The Central Government Complex has been the headquarters of the Government of Hong Kong since 2011. Located at the Tamar site, the complex comprises the Central Government Offices, the Legislative Council Complex and the Office of the Chief Executive of Hong Kong. The complex has taken over the roles of several buildings, including the former Central Government Offices (CGO), Murray Building and the former Legislative Council Building.

==History==
By 2001, existing government offices at Murray Building and the former Central Government Offices were considered to be too small. Maintenance of the buildings was also increasingly costly, and the age of the buildings limited the technology used in them. The Legislative Council Building on Jackson Road was also too small to house the entire LegCo Secretariat and all members' offices.

A new government complex at Tamar was approved by the Executive Council on 30 April 2002 under the Tung Chee-hwa administration. The new complex was to be the headquarters of the government, the Legislative Council and other community facilities, including a gallery, leisure facilities, open spaces and a waterfront promenade. At the time, the construction was estimated to cost HK$6.4 billion.

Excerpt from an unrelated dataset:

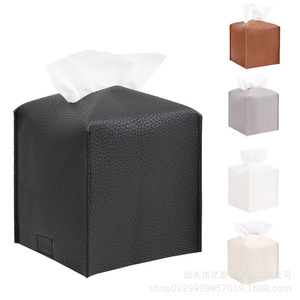 Pu Leather Tissue <b>Box</b> 12.7 Cm Square <b>Waterproof</b> Multipurpose <b>Storage</b> For Home Office Use - Product Image 3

The building was delivered through a design-build contract won by the Gammon-Hip Hing joint venture. Construction was due to begin in mid-February 2008, for completion in 2011. It engaged more than 3,000 workers.

==Architecture==
The architect was Rocco Yim, who premised the massing on the concept of "door always open". The new government building uses neither Chinese nor European government building designs, but instead it is a mix of postmodern architecture and low-frills international design. The building initially had an open design, but has been heavily fortified after various protests.

==Public realm==
The complex was originally designed by Yim under the concept of "Door Always Open", symbolising the pride that Hong Kong holds in its "openness and transparency of governance". In keeping with this theme, the complex was meant to be accessible to the public and integrated with the surrounding urban context, and incorporates a range of public spaces. Tamar Park passes through the complex, leading to the waterfront promenade on Victoria Harbour.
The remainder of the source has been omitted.